Eusebius of Nicomedia (died c. 342) was an important 4th-century Eastern church bishop who was one of the key proponents of Arianism (the doctrine that Jesus Christ is not of the same substance as God) and who eventually became the leader of an Arian group called the Eusebians.
Eusebius may have met Arius, the Alexandrian priest and originator of Arianism, in Antioch as a fellow student under the theologian and martyr St. Lucian. Eusebius was, successively, bishop of Berytus and, about 318, bishop of Nicomedia. In August 323 Arius wrote Eusebius for aid when his teachings were being investigated by Bishop Alexander. In support of Arius’ cause, Eusebius appealed to other bishops. When Arius was condemned in a synod at Alexandria (September 323), Eusebius sheltered him and sponsored a synod (October 323) at Bithynia, which nullified Arius’ excommunication.
Eusebius refused to recognize Christ as being “of the same substance” (homoousion) with the Father. Hence, at the first ecumenical Council of Nicaea, in 325, he led the opposition against the Homoousians. When the council finally accepted their clause, Eusebius signed the creed. He refused, however, to sign the anathema condemning the Arians because he doubted “whether Arius really held what the anathema imputed to him.” Shortly after the council he renewed his alliance with Arius, and the Roman emperor Constantine I the Great exiled him to Gaul, where he remained until he presented a confession of faith in 328.

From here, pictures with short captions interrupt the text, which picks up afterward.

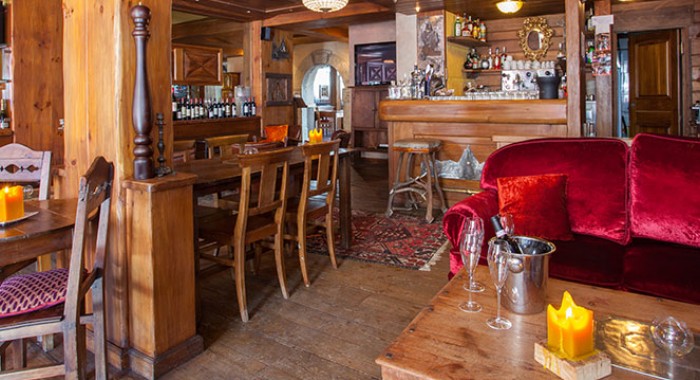 Hotel Punta Maquignaz, Cervinia ski chalet, image 5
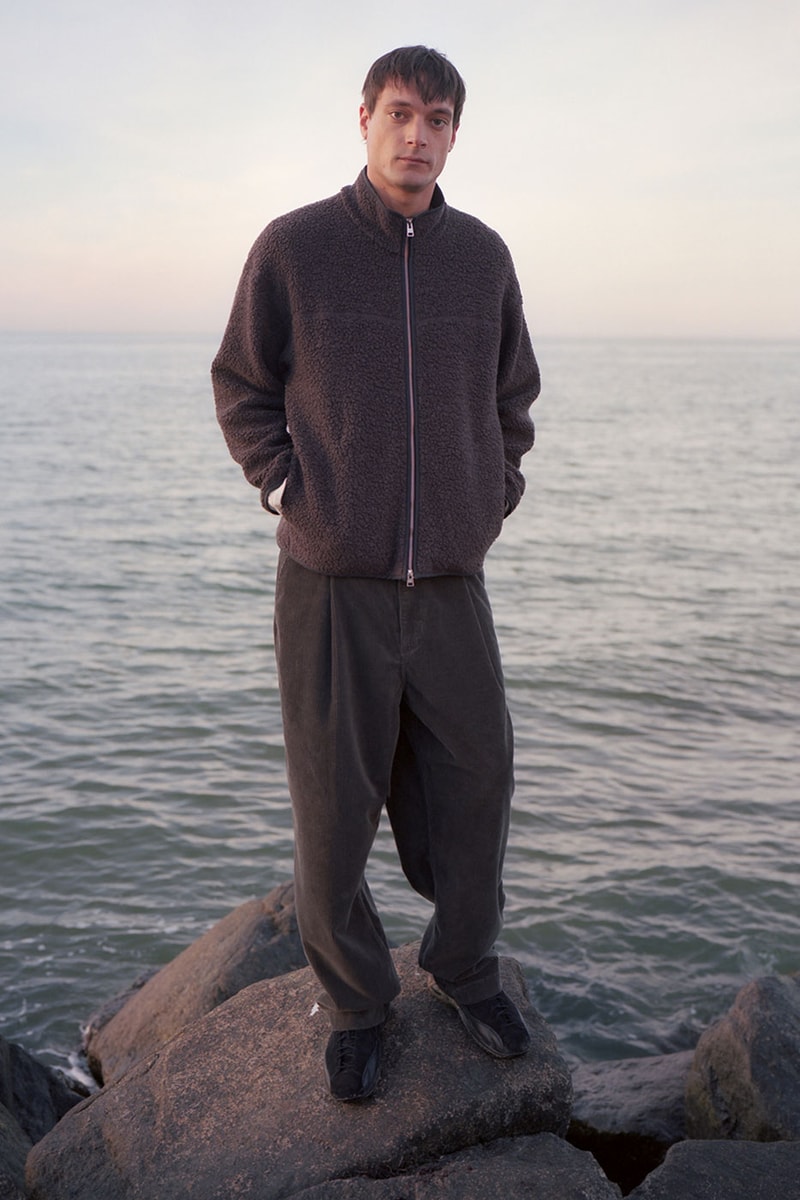 Norse Projects Blends Nature and Architecture in FW27 Lookbook Fall/Winter 2027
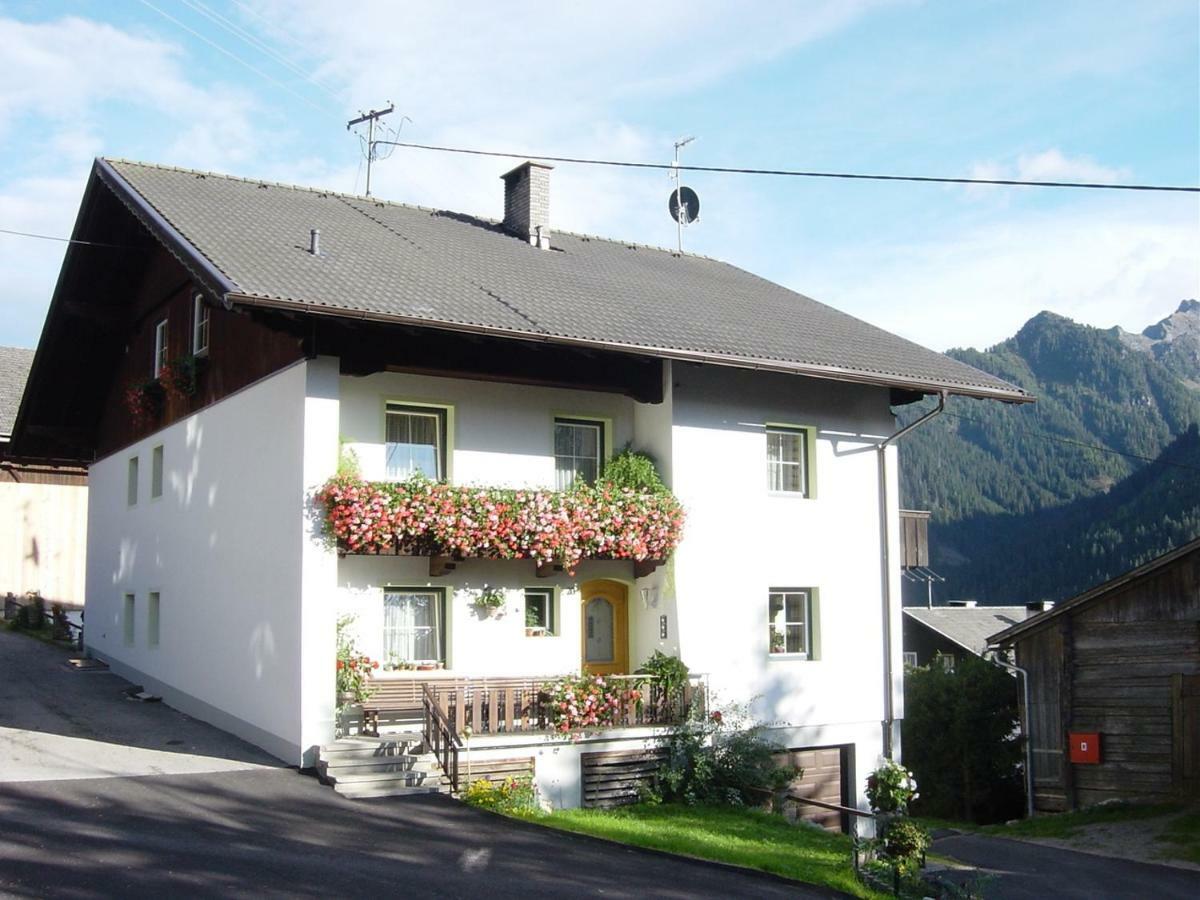 Janserhof Obertilliach Exterior photo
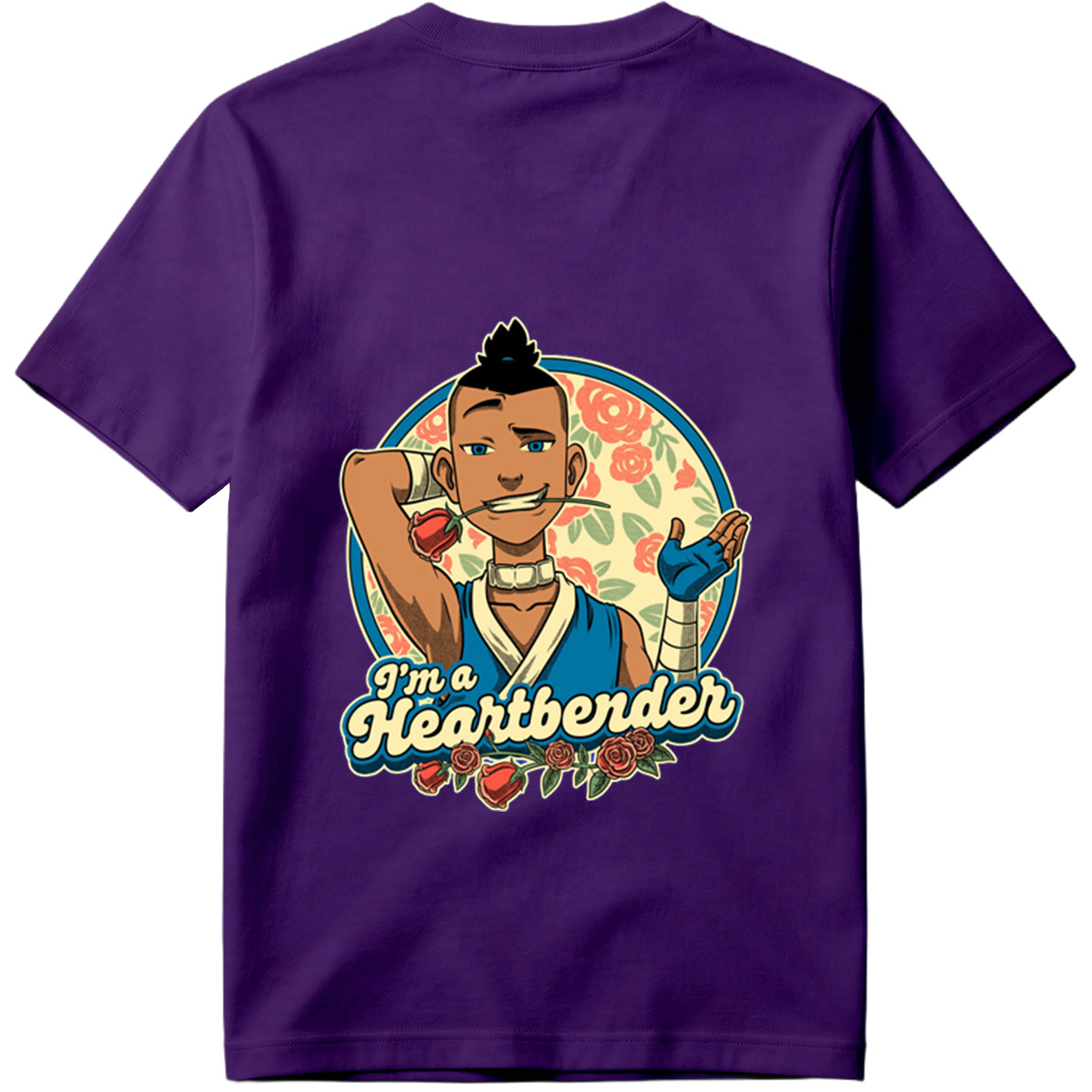 Avatar: The Last Airbender - I'm a Heartbender (Sokka) - Tee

Through his friendship with the emperor’s sister, Constantia, he was probably responsible for much of the powerful Arian reaction of the emperor’s last years. His unrelenting harassment of the leaders of the Homoousians helped lead Constantine to depose and exile Bishop St. Athanasius the Great of Alexandria at a synod in Tyre in 335 and to reinstate Arius at a synod in Jerusalem in 335. Eusebius was also favoured by Constantine’s son and successor, the pro-Arian Constantius II, and was made bishop of Constantinople in 339. He presided over a synod in Antioch in 341—where a creed omitting the homoousion clause was adopted—and he probably died soon afterward.